Strain	PE	PG	CL	PA	Reference
UE54	90%	ND	ND	10% (with N-acy-PE)	[56]
AL95	ND	45%	50%	5%	[33]
WK3110	70–78%	12–15%	5.7–11%	1.5–2.1%	[35]
BKT12	70–79%	18–26%	ND	1.4–2.5%	[35]
AL95/pDD72GM	75%	20%	5–12%		[70]

ND not detectable

Effect of anionic lipids PG or CL on melibiose active transport by MelB_St

Strain UE54 was derived from the parent WT strain MG1655 with a single gene deletion of pgsA that encodes the phosphatidylglycerol phosphate synthase, lacking both PG and CL [34]. Since PG is the precursor of CL, the lack of CL results from the absence of PG. Notably, the content of PE in this strain is increased up to 90–95%, and there are 5–10% other anionic lipids to support cell viability (Tables 1 and 2). Strain BKT12 lacks CL, which was derived from the WT strain WK3110 by triple gene deletions on clsABC genes that encode three cardiolipin synthases [35]. All four strains have an intact lacY gene encoding LacY and an intact melAB operon encoding α-galactosidase and MelB_Ec; both LacY and MelB_St also transport melibiose. It is known that the melAB operon is induced by the presence of its specific inducer melibiose, but not by IPTG [36], and glucose suppresses the activation of both mel and lac operons. To simplify the complexity, we again used the IPTG-independent, constitutive plasmid pK95AH/MelB_St/CHis₁₀, which allows us to test melibiose transport specifically mediated by a plasmid-encoded MelB_St [6, 37]. With Penta⋅His HRP antibody, the western blot shows a similar level of MelB_St expression (Additional file 1: Figure S1, upper panel), and LacY is not expressed under the growth conditions containing glucose (Additional file 1: Figure S1, lower panel). In addition, the [³H]melibiose transport and Trp→D²G FRET assays (Figs. 2a and 3) also suggest that there is no expression of chromosomal MelB_Ec. Thus, the phenotypes described in these studies reflect the transport catalyzed by the recombinant MelB_St encoded from the plasmid.
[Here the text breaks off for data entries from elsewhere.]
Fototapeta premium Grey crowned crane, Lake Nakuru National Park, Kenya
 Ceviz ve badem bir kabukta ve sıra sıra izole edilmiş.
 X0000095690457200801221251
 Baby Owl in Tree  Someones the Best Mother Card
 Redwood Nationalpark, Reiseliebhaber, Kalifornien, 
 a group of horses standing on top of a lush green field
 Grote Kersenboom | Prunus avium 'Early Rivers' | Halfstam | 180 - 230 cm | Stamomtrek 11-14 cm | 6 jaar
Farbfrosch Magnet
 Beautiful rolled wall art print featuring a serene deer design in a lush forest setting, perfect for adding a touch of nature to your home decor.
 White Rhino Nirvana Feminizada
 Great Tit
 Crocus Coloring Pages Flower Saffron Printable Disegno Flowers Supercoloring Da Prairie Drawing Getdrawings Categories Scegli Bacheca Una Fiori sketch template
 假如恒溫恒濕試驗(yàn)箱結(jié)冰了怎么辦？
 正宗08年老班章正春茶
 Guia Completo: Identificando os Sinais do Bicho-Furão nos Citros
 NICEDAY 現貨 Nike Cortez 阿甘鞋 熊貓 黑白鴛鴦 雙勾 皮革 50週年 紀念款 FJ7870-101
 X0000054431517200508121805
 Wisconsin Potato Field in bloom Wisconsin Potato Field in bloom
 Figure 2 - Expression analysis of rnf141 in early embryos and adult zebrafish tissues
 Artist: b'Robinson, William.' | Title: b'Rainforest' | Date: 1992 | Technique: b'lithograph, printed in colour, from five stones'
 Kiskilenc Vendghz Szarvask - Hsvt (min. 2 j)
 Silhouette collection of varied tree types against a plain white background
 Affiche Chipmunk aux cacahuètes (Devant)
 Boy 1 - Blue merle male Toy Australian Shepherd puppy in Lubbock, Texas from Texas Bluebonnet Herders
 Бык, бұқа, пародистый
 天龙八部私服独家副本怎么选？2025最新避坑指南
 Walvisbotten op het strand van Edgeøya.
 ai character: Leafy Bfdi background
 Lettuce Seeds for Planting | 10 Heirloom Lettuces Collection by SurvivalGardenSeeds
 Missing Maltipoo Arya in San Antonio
The transport time courses show that the CL- and PG-deficient strain UE54 exhibits a significantly reduced steady-state level of melibiose accumulation, with approximately 30% (H⁺-coupled) or 40% (Na⁺-coupled) of that from its parent WT strain MG1655 (Fig. 2a, middle column). The H⁺-coupled transport initial rate is even not detectable; however, the Na⁺-coupled transport initial rate is indistinguishable from the WT (Fig. 2a, inset). Notably, this effect is different from the PE effect (Fig. 2a). Interestingly, when MelB_St is expressed in the CL-deficient strain BKT12, in which PG is present, both of H⁺- and Na⁺-coupled melibiose transport is indistinguishable from its parent strain WK3110 (Fig. 2a, right column). Notably, the MelB_St protein expression in these mutant strains is not affected (Fig. 2b). Hence, our data demonstrate that PG plays important role in melibiose active transport activity.

Melibiose fermentation

All the three pairs of lipid strains carrying the plasmid pK95AH/MelB_St/CHis₁₀ were also grown on MacConkey agar indicator plates containing 30 mM melibiose. Notably, in this medium, melibiose is the sole carbohydrate source for cell growth, and the rate of melibiose transport is the limiting step for melibiose utilization, which can be indicated by the red color development of the colonies due to acidification resulting from sugar utilization [14, 38, 39]. The degrees of acidification may reflect the melibiose down-hill transport activities. The intact melAB operon in all these strains can be induced by the presence of melibiose; thus, the resulting phenotypes should reflect the down-hill transport activity mediated by both endogenous MelB_Ec and recombinant MelB_St. All these six strains ferment melibiose well, while strain AL95 PE⁻ grew slowly and formed many small colonies (Fig. 2c). The data show that lack of PG or PE exhibits little effect on melibiose downhill transport activities, while both lipid headgroups are important for melibiose uptake against the concentration gradient.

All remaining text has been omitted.